Le jeune pompier s'appelait Lucas. Il était jeune et fort. Il avait un grand sourire. Il avait un casque rouge brillant. Il sentait qu'il était prêt à tout aider. Prêt à tout faire pour protéger.
Un matin, Lucas se leva tôt. Il passa sa veste orange. Il mit ses bottes. Il regarda son casque. "Allons-y", dit-il doucement. La caserne dormait encore un peu. Les camions ronflaient comme des gros chatons. Les collègues faisaient un petit café. Tout était calme et doux.
Soudain, la sonnerie fit "pin pon, pin pon". Piou ! Lucas courut. Il monta dans le grand camion rouge. Le moteur fit vroum. Les lumières clignotèrent. Le camion partit en chantant sur la route. Lucas tenait fort le volant. Il était concentré. Il se sentait prêt à tout.
Arrivés près d'une petite maison, il y avait de la fumée blanche. Mais pas de peur. Une voisine disait : "Mon chat est là -haut, sur le balcon !" Lucas prit l'échelle. Il pensa aux règles. "On vérifie la porte", dit-il. "On regarde si tout est sûr." Il sourit. Il aimait suivre les règles. Les règles aident. Les règles protègent.
Il posa l'échelle. Il monta doucement. La voisine regardait avec ses yeux ronds. Le chat miaulait. Lucas parla doucement au chat. "Coucou petit. Viens." Le chat sauta dans ses bras. Lucas descendit très lentement. Il fit attention à ses pieds.
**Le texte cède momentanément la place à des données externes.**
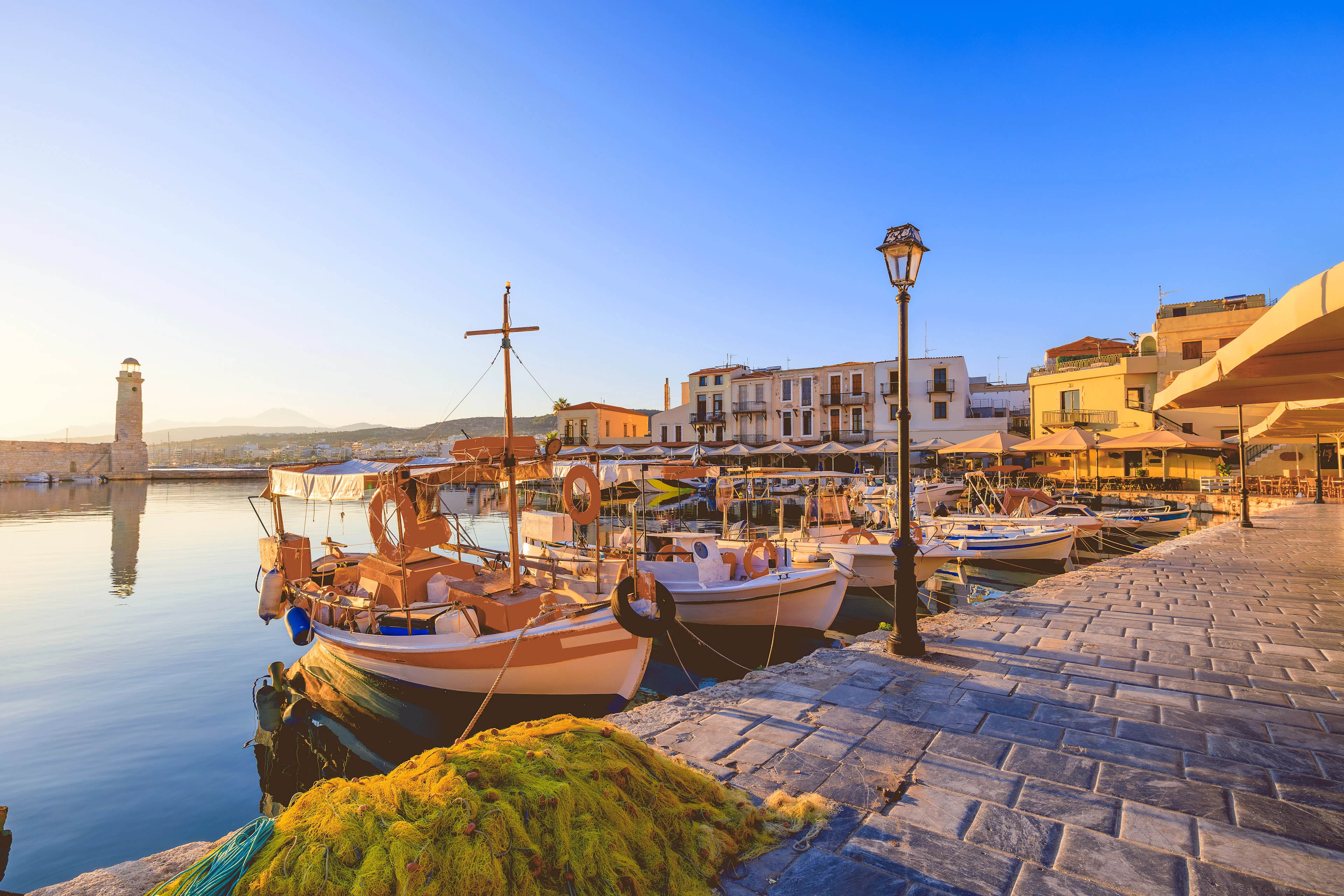 Fiskerbåde og fiskenet langs den venetianske havn i Reyhymnon by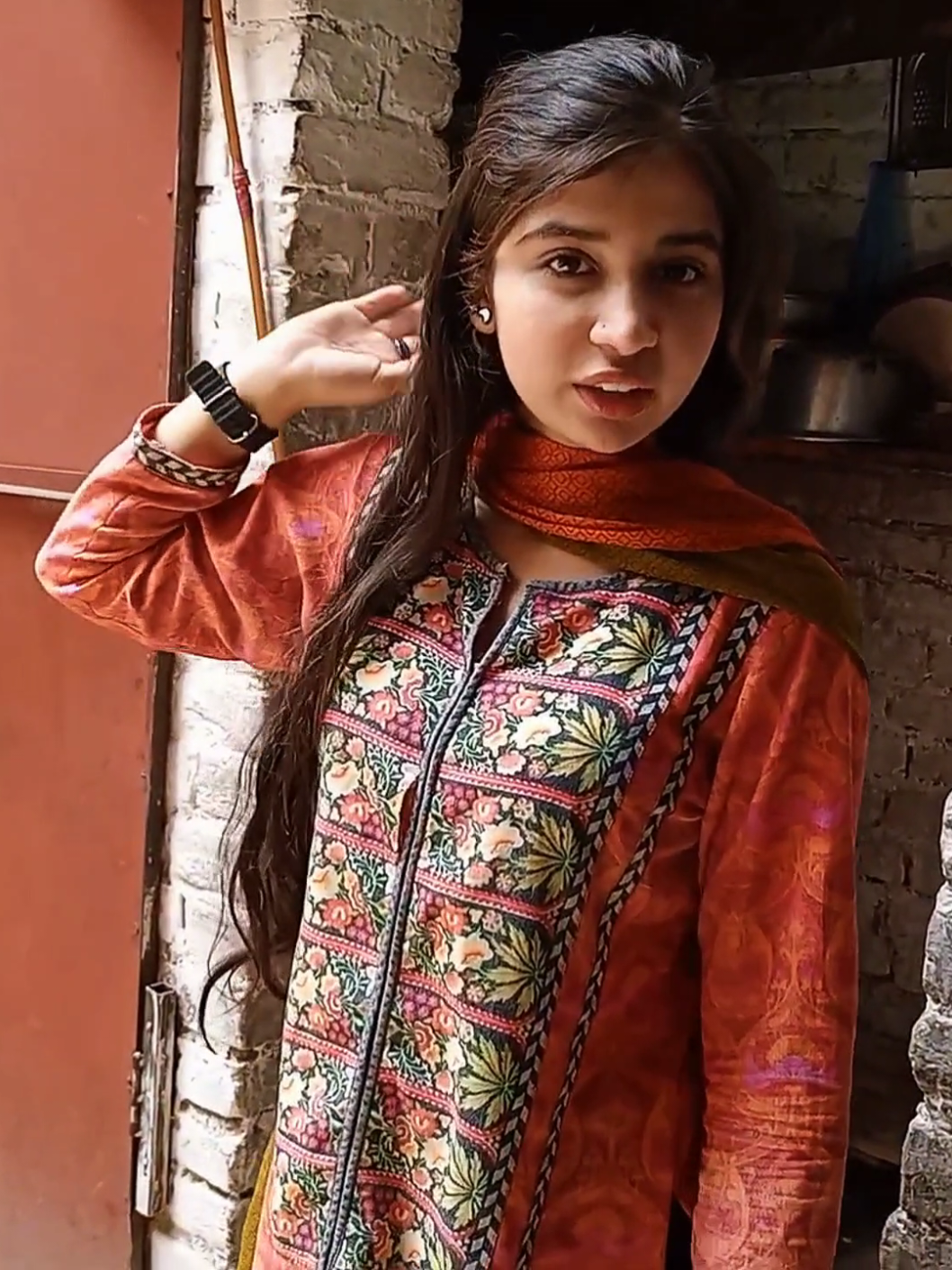 Rabia simple pareshan kyun hai 💔 #foryoupage #schoolgirl #rabiasimple24 #1million #villagegirl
Il se souvenait des mots du chef : "On travaille en équipe. On protège les amis. On reste calme."
Un autre appel arriva. Un arbre était tombé sur une route. Des oiseaux chantaient, mais la voiture ne pouvait pas passer. Lucas et ses amis utilisèrent une scie. Ils mirent des gants. Ils coupèrent des branches. Ils chantonnaient une petite chanson pour se calmer. La route redevint libre. Les voitures purent repasser. Les gens applaudissaient doucement. "Merci, merci", dirent-ils. Lucas se sentit content. Il avait aidé.
Le soleil descendait. Mais un dernier petit feu se déclara dans un bac à fleurs. Ce n'était pas grand. C'était un petit "fiuu". Lucas prit la lance. Il fit attention. Il s'approcha doucement. L'eau sortit en arc. Le feu se calma. "Souffle-le doucement", dit une voix. Lucas fit comme on lui disait. Le feu s'éteignit. Tout était calme et propre. Les fleurs étaient sauvées. Les enfants donnèrent des dessins de fleurs à Lucas. Il les accrocha sur le camion. Il souriait.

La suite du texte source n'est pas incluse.